WHAT IS REQUIRED :: In the material below, print every line exactly and omit the pictures.

GIVEN MATERIAL ::
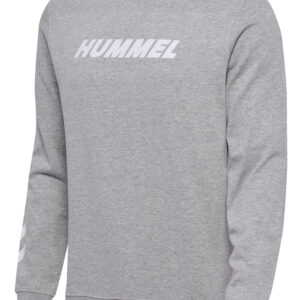 hmlELEMENTAL SWEATSHIRT – Bild 6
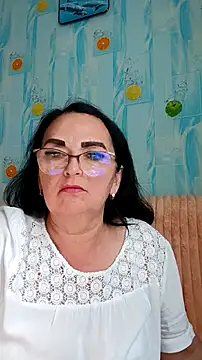 moonmuse505's Live Chat Room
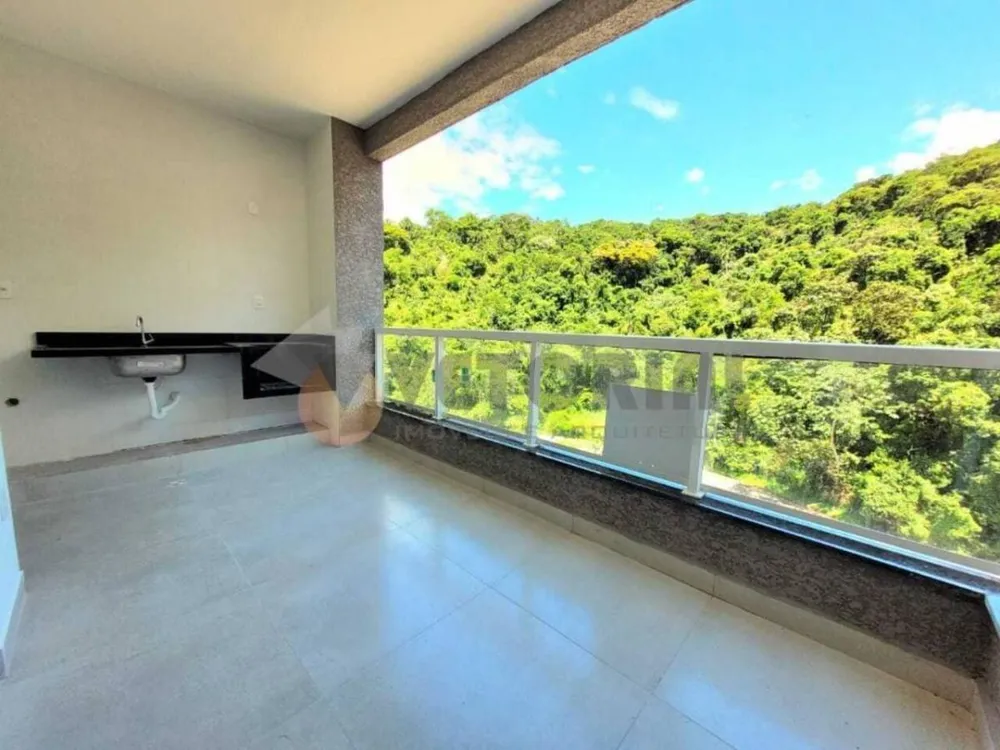 Apartamento, 2 quartos, 68 m² - Foto 3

TASK OUTPUT ::
 hmlELEMENTAL SWEATSHIRT – Bild 6
 moonmuse505's Live Chat Room
 Apartamento, 2 quartos, 68 m² - Foto 3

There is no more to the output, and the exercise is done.